AIM OF THE TASK: Nothing in the copy should be a picture; everything else in the listing is to be restated exactly.

STORED DATA:
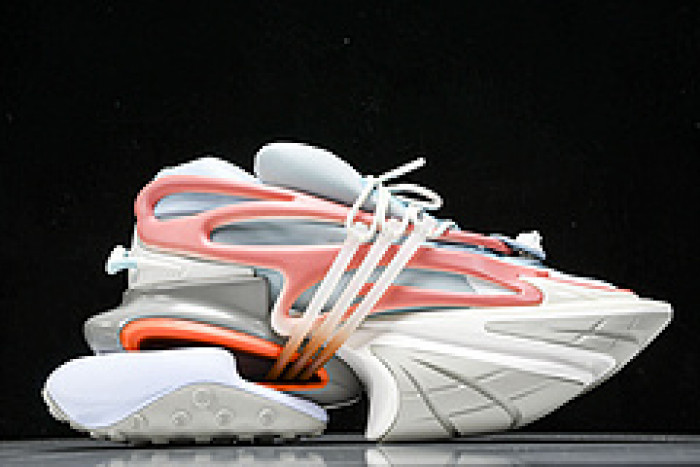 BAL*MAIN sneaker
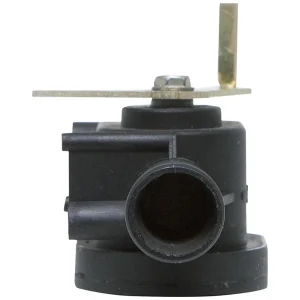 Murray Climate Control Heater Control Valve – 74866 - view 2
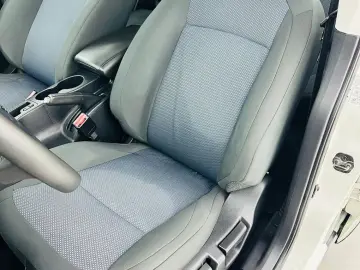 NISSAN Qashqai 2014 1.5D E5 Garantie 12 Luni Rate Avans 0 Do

RESULT FOR THIS EXERCISE:
 BAL*MAIN sneaker
 Murray Climate Control Heater Control Valve – 74866 - view 2
 NISSAN Qashqai 2014 1.5D E5 Garantie 12 Luni Rate Avans 0 Do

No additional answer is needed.